K Nearest Neighbor
Introduction
• When setting up the test data, default separation was used meaning that 75% of the original data was used in the train set and 25% was in the test set.
• The kNN classifier object was tested in a for loop, testing odd numbers up until 20
Selecting a k Value
The for loop resulted in the following accuracy scores:
- The most viable options seemed like between 2.5 - 7.5 and then after 17.5
- I decided to go with a k value of 5 because it had stability, had a good accuracy score, and gave the data options without being overwhelming
- Compared to examples I had seen, it was interesting that the test scores were so varied.

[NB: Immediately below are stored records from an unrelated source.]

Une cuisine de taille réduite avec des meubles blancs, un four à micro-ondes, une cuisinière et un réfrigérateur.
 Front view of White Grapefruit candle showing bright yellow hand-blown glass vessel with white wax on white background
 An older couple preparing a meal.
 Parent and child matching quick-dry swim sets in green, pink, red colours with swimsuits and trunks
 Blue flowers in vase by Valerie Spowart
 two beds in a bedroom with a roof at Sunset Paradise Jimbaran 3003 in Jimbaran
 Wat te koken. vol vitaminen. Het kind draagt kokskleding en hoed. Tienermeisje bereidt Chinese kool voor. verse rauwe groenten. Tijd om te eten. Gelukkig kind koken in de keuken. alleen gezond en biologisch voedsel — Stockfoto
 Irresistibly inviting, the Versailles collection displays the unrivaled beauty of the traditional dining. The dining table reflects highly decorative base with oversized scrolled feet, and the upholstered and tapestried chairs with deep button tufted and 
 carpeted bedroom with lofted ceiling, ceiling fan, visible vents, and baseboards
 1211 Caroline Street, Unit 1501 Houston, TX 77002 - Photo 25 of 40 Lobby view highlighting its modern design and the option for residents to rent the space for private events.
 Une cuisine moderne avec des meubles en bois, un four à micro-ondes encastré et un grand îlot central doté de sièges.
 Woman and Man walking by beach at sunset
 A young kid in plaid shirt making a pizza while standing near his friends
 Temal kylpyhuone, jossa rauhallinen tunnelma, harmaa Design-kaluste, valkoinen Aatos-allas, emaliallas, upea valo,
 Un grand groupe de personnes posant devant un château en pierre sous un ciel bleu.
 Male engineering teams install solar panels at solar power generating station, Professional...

This indicates that the data might not be easily predictable.
- A k value of 5 resulted in 97.5%accuracy for the training set and 95.2% accuracy for the testing set
Limitations:
• For this KNN demonstration I tried extensively to create scatter plot matrixes using both Seaborn and with Pandas Plotting. After creating both matrixes, it didn't seem beneficial to our dataset considering we had 7 different classifications.
• When displayed, both matrixes seemed very cluttered and didn't provide any additional knowledge or insight. For a different dataset this would have been very helpful to see visually where the KNNs lied.
• Our data also didn't have as many properties. Many data sets would group neighbors near eachother on blob or scatter plots, however our dataset had boolean logic to determine whether a given animal had a certain feature.